● **REQUIREMENT**
Could you restate word for word the lines running from the one with "a bedroom with" to the end of the data, both ends included, but without pictures?

BEGIN RECORDS FOR PROCESSING

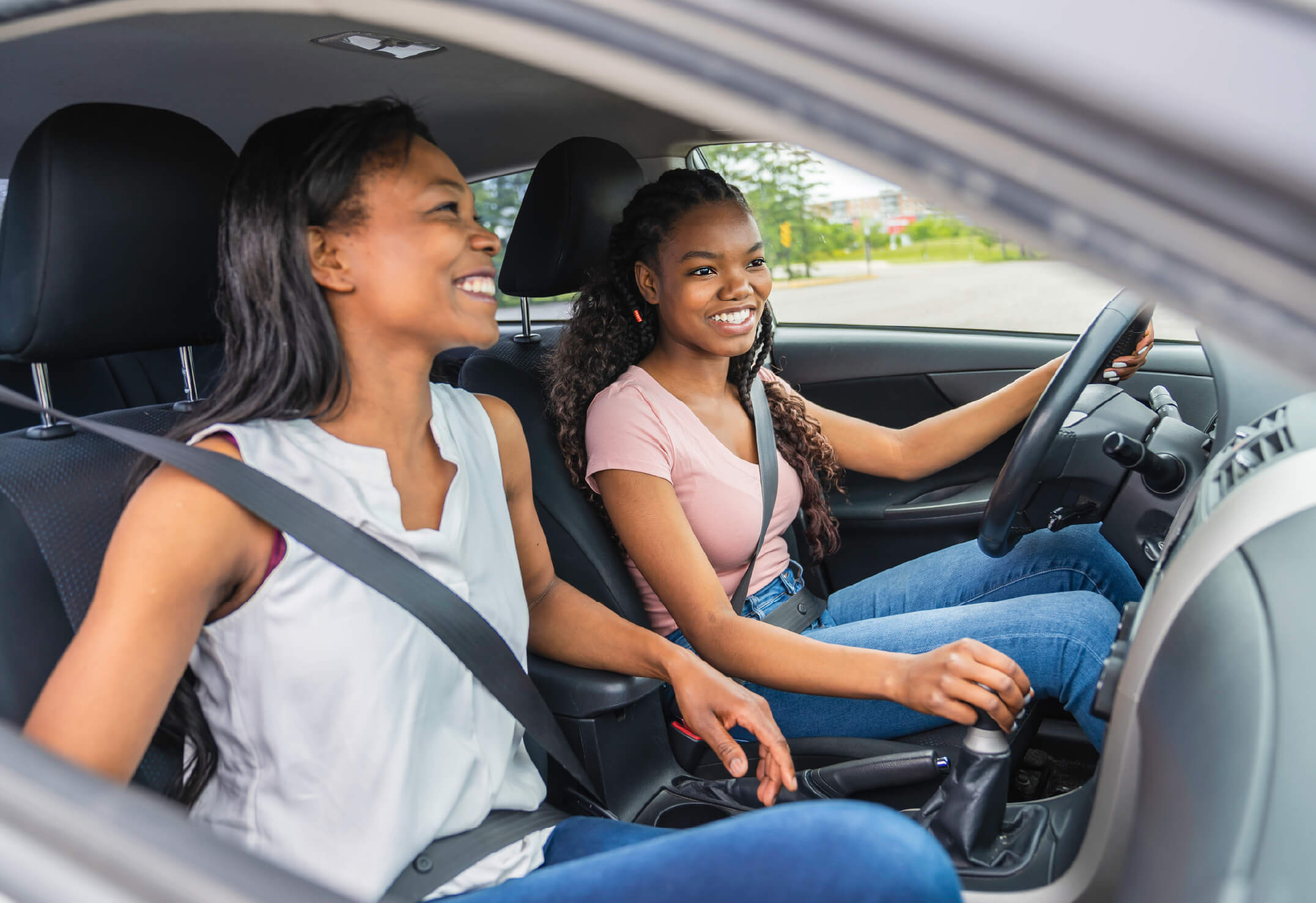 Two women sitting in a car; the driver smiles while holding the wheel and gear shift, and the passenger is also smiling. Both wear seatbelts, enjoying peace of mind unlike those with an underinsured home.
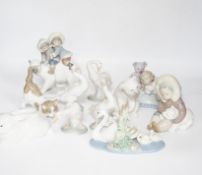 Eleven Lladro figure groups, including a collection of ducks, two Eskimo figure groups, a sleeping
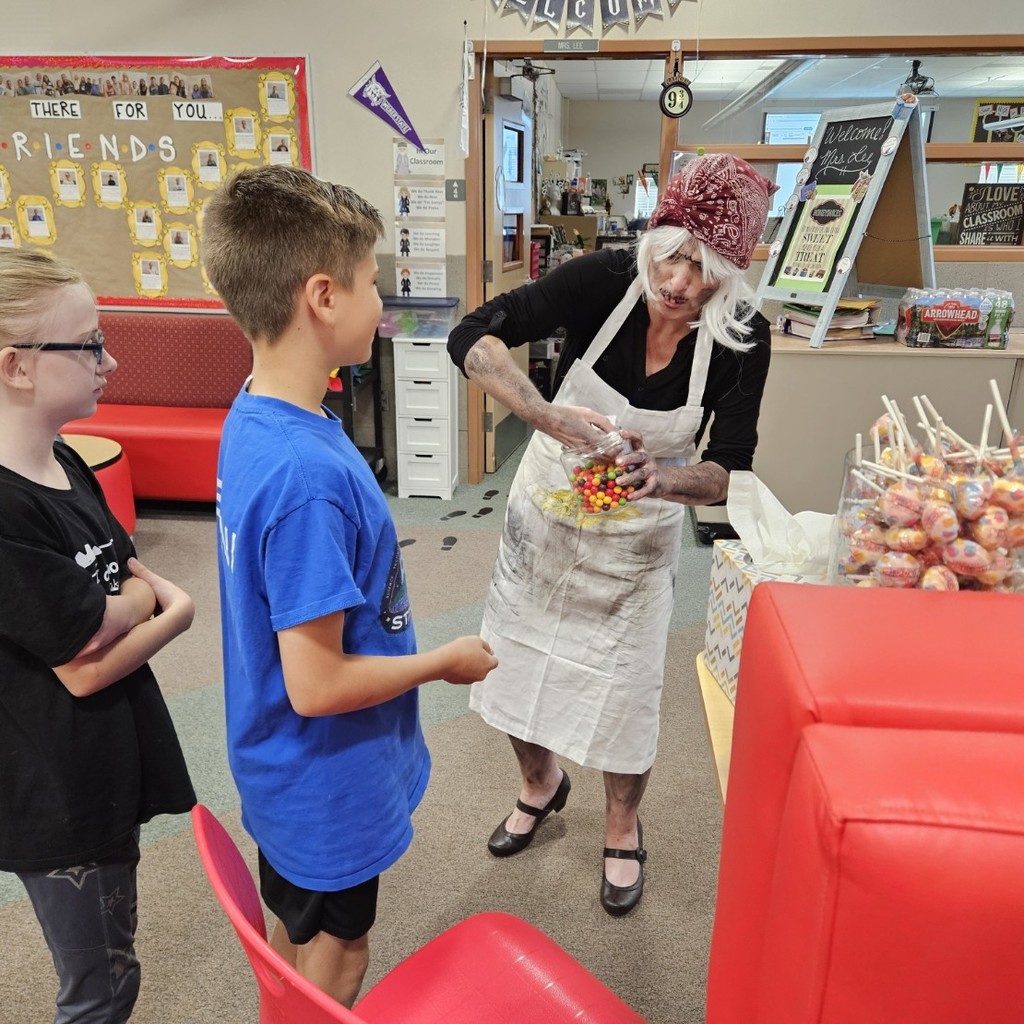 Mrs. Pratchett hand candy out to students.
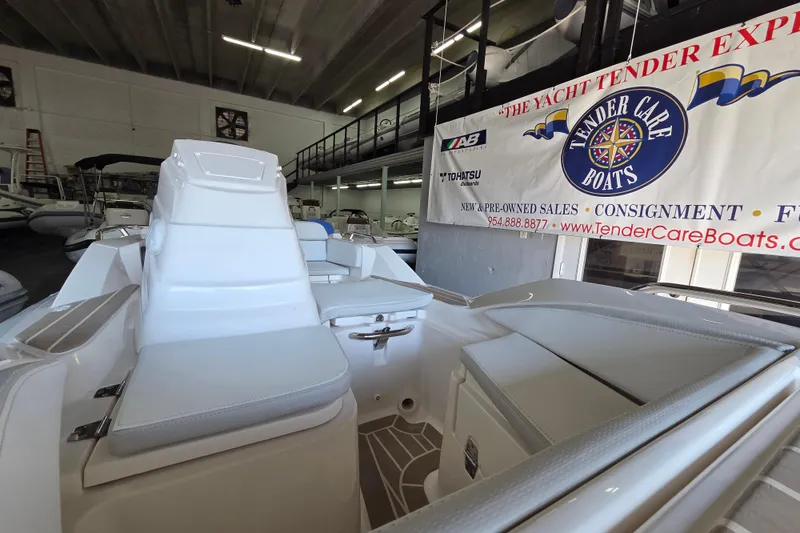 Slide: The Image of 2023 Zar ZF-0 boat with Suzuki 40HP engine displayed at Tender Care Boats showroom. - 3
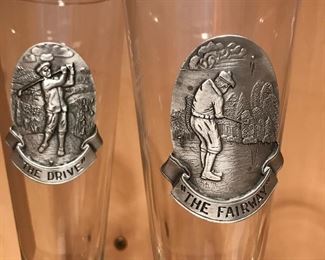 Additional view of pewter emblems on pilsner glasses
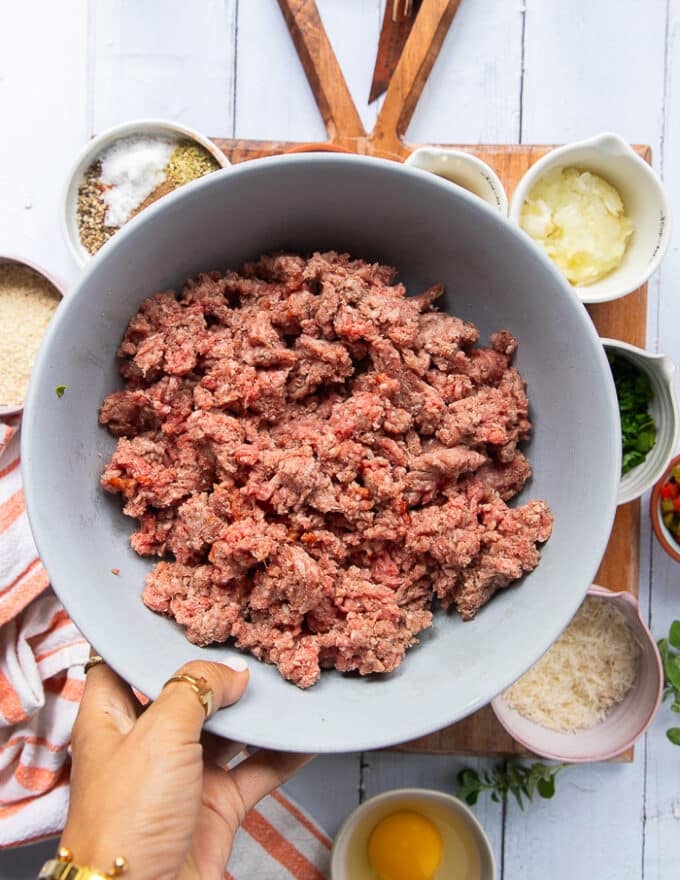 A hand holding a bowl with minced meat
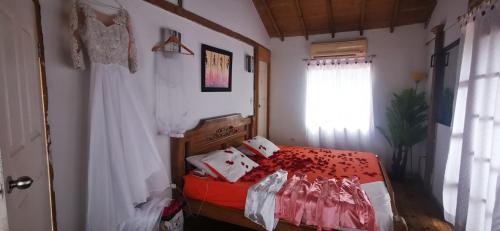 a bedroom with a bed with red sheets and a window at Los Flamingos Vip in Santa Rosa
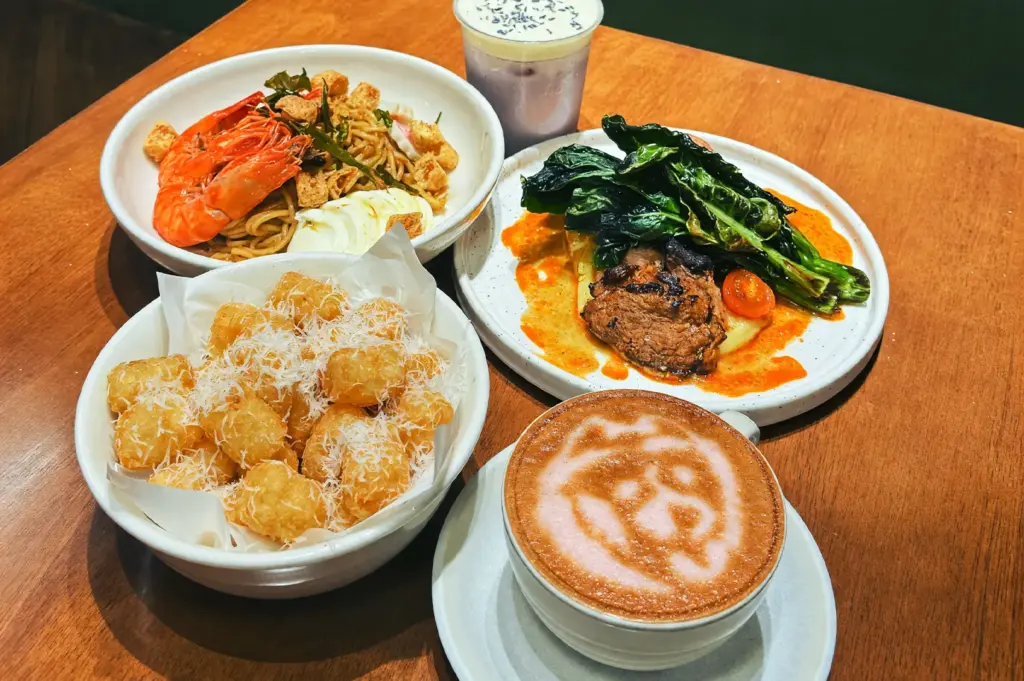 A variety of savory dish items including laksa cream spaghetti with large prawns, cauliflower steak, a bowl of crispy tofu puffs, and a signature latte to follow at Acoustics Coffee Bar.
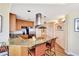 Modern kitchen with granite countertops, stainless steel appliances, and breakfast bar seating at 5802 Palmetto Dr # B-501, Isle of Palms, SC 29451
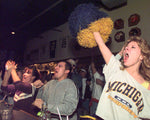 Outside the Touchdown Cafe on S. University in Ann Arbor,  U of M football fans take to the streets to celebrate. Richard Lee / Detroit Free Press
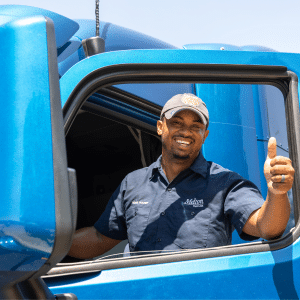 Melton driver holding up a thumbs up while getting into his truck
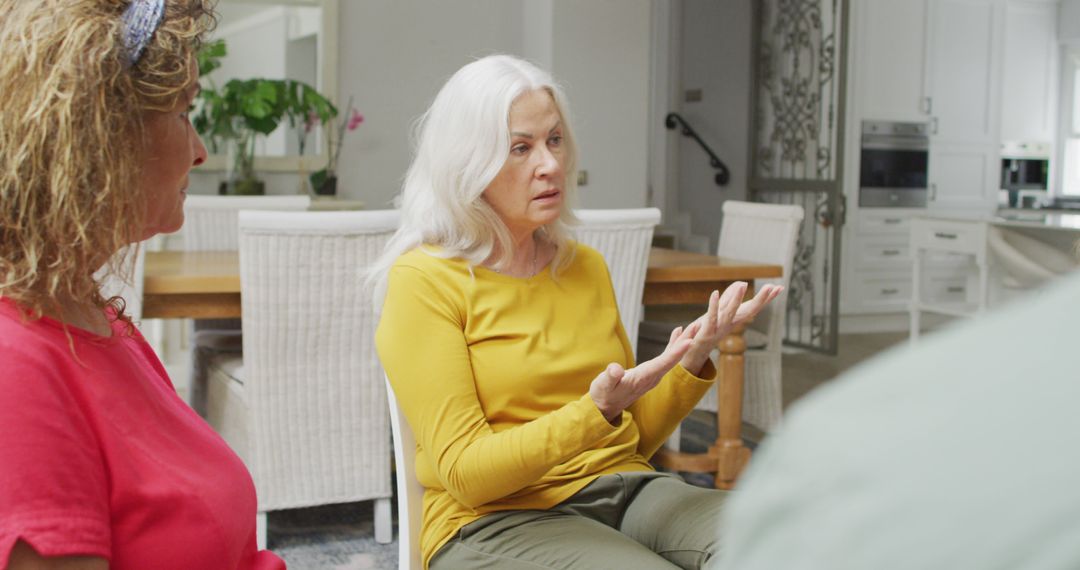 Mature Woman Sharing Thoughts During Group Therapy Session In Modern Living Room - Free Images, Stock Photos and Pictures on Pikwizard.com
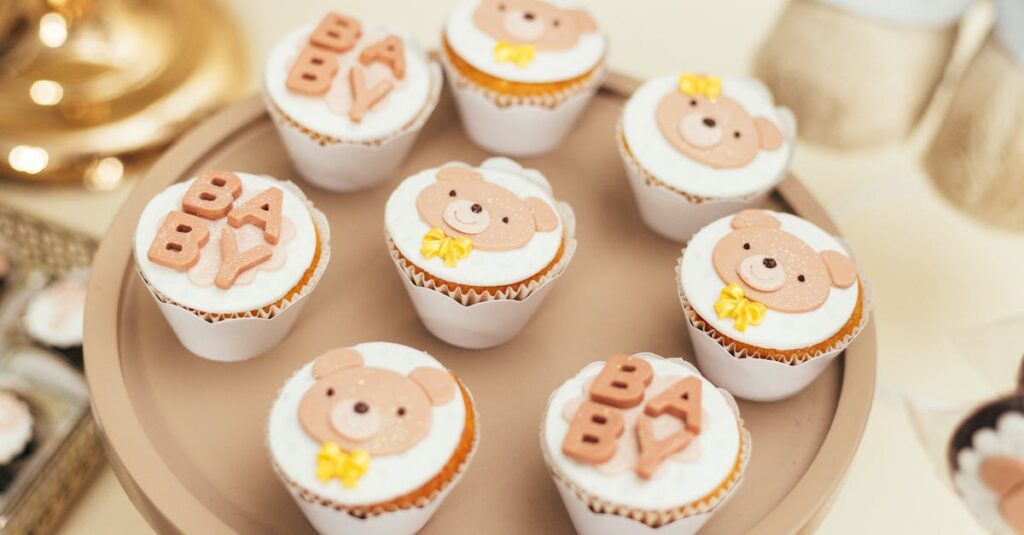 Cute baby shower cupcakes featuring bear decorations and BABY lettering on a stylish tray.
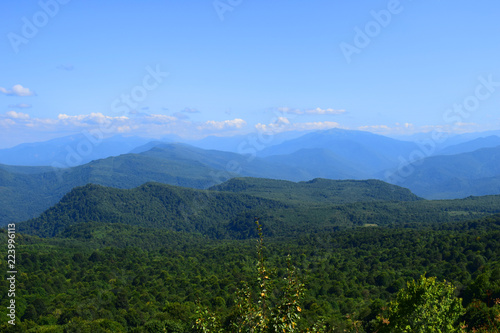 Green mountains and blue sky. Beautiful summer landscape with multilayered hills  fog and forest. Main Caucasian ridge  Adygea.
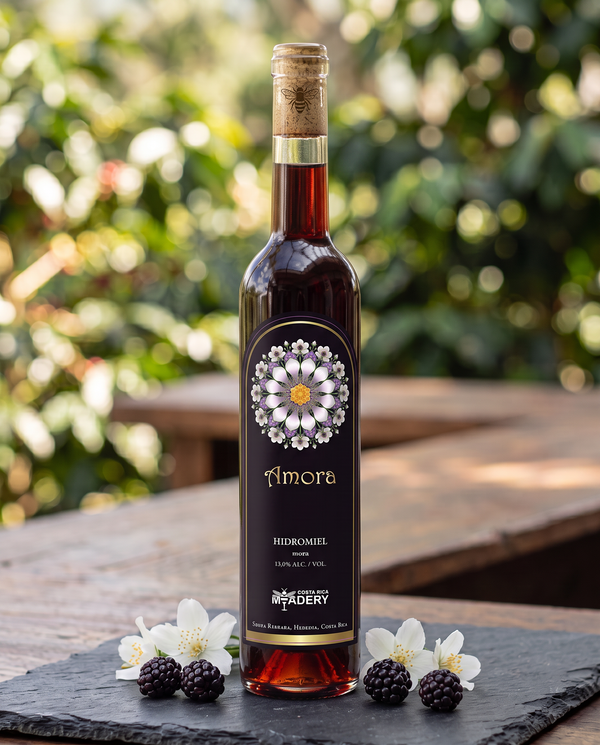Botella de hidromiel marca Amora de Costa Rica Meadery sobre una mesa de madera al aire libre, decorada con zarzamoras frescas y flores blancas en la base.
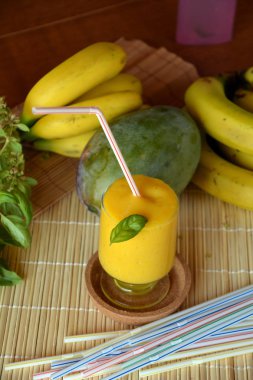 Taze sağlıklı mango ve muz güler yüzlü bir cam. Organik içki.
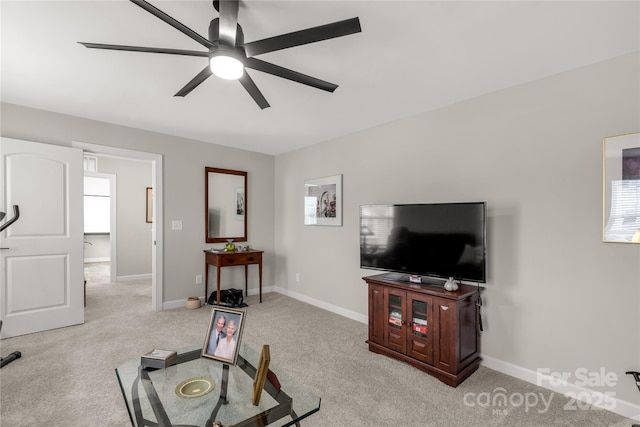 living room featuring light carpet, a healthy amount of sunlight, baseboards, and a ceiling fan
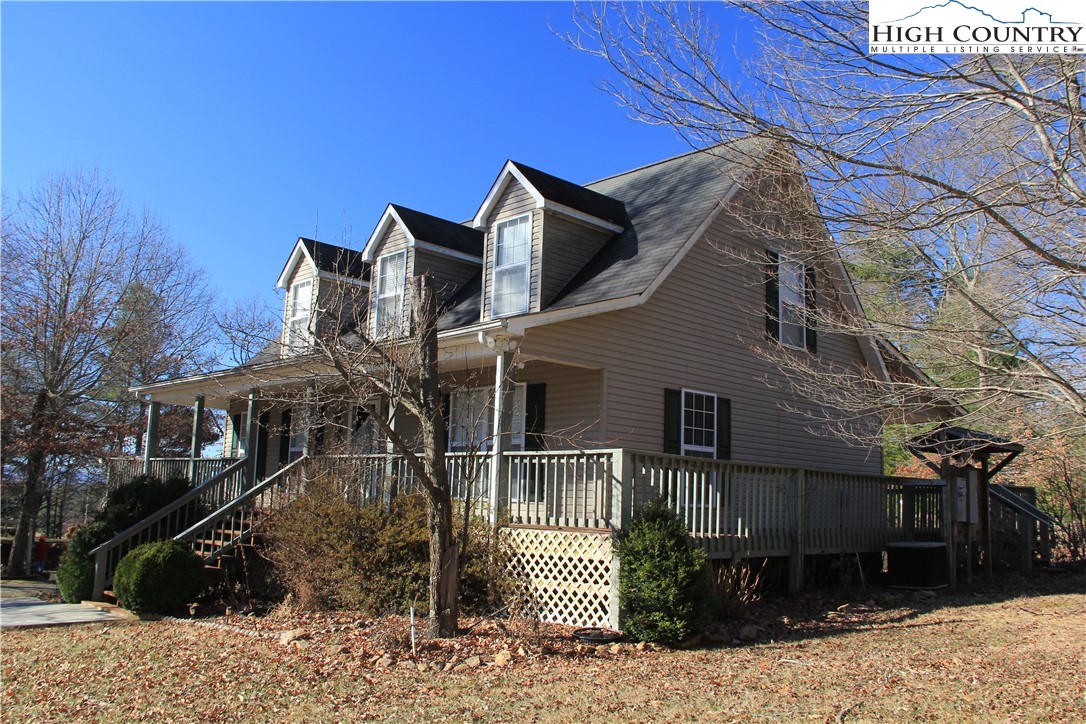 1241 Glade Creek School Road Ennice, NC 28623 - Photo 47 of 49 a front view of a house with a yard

END RECORDS FOR PROCESSING

● **TASK SOLUTION**
 a bedroom with a bed with red sheets and a window at Los Flamingos Vip in Santa Rosa
 A variety of savory dish items including laksa cream spaghetti with large prawns, cauliflower steak, a bowl of crispy tofu puffs, and a signature latte to follow at Acoustics Coffee Bar.
 Modern kitchen with granite countertops, stainless steel appliances, and breakfast bar seating at 5802 Palmetto Dr # B-501, Isle of Palms, SC 29451
 Outside the Touchdown Cafe on S. University in Ann Arbor,  U of M football fans take to the streets to celebrate. Richard Lee / Detroit Free Press
 Melton driver holding up a thumbs up while getting into his truck
 Mature Woman Sharing Thoughts During Group Therapy Session In Modern Living Room - Free Images, Stock Photos and Pictures on Pikwizard.com
 Cute baby shower cupcakes featuring bear decorations and BABY lettering on a stylish tray.
 Green mountains and blue sky. Beautiful summer landscape with multilayered hills  fog and forest. Main Caucasian ridge  Adygea.
Botella de hidromiel marca Amora de Costa Rica Meadery sobre una mesa de madera al aire libre, decorada con zarzamoras frescas y flores blancas en la base.
 Taze sağlıklı mango ve muz güler yüzlü bir cam. Organik içki.
 living room featuring light carpet, a healthy amount of sunlight, baseboards, and a ceiling fan
 1241 Glade Creek School Road Ennice, NC 28623 - Photo 47 of 49 a front view of a house with a yard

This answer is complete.